SUPPLIED MATERIAL
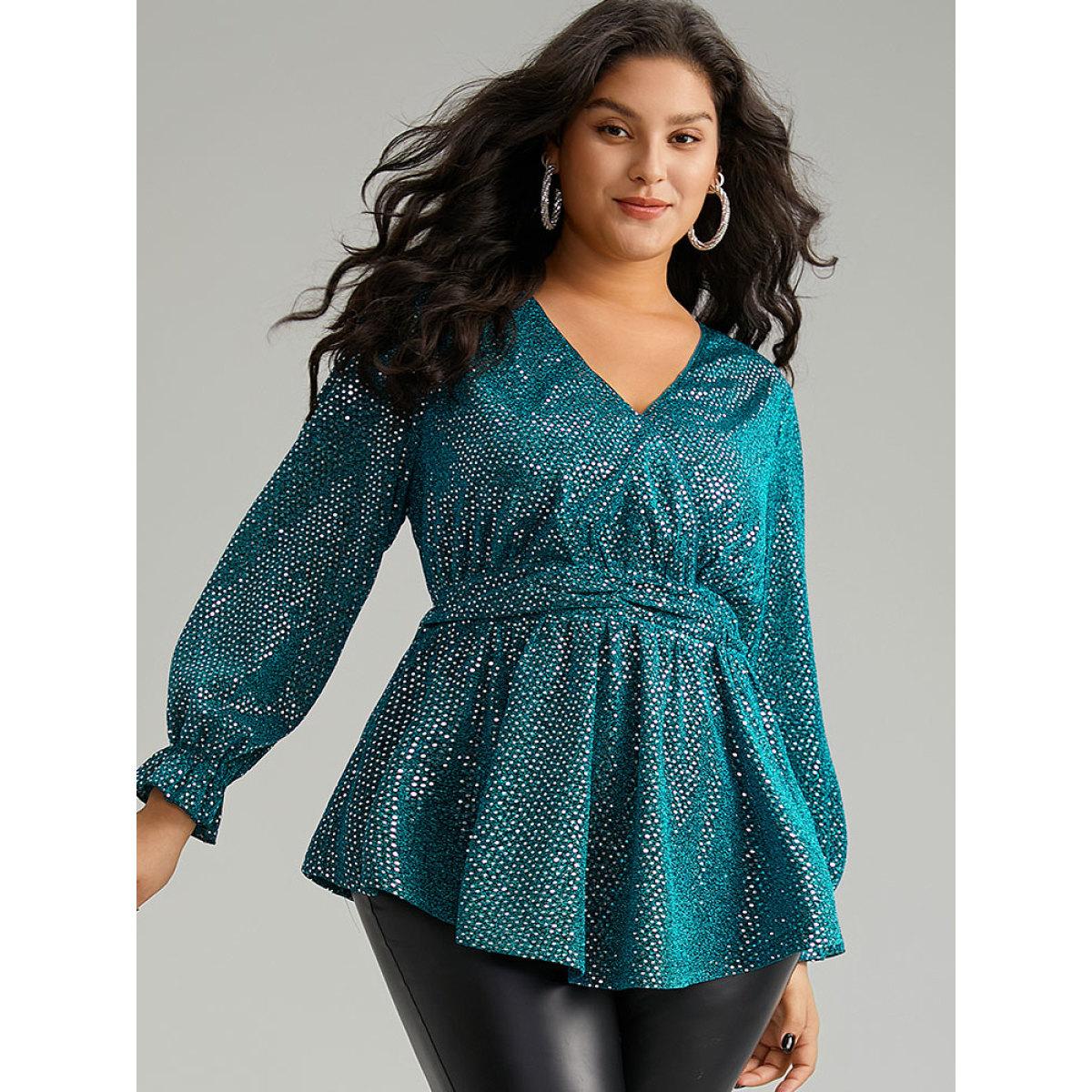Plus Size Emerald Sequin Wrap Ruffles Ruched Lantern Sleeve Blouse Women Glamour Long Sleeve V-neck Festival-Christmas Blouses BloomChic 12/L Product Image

---

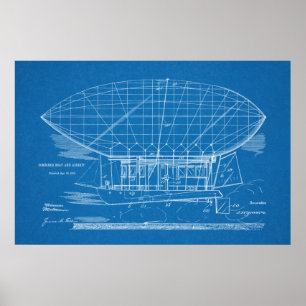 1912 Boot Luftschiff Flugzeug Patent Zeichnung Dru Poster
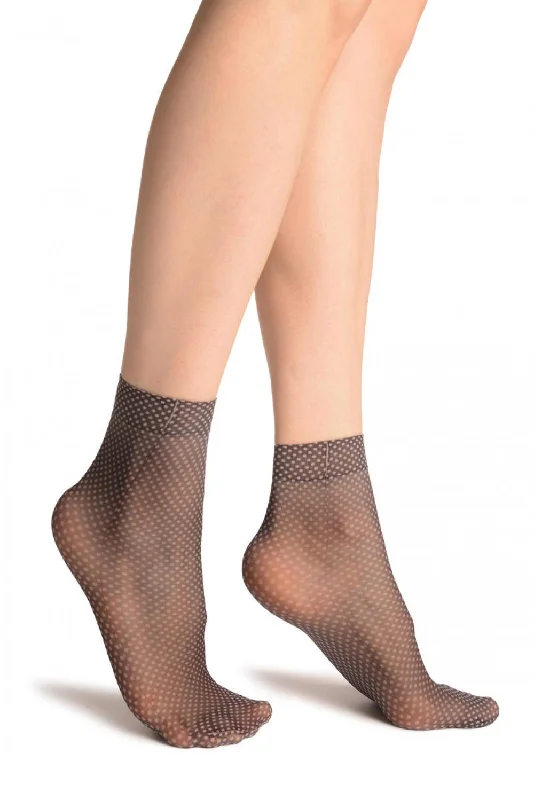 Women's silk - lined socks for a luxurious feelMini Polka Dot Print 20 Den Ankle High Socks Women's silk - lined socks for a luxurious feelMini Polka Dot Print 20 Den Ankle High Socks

--

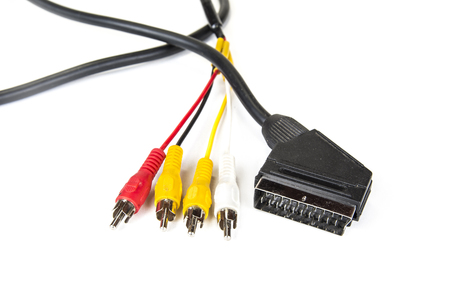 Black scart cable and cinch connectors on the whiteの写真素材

PROBLEM DESCRIPTION
For the data above, set down exactly the lines from the line with "1912 Boot Luftschiff" to the line with "High Socks Women's", both included, leaving pictures out.

TASK OUTPUT
 1912 Boot Luftschiff Flugzeug Patent Zeichnung Dru Poster
 Women's silk - lined socks for a luxurious feelMini Polka Dot Print 20 Den Ankle High Socks Women's silk - lined socks for a luxurious feelMini Polka Dot Print 20 Den Ankle High Socks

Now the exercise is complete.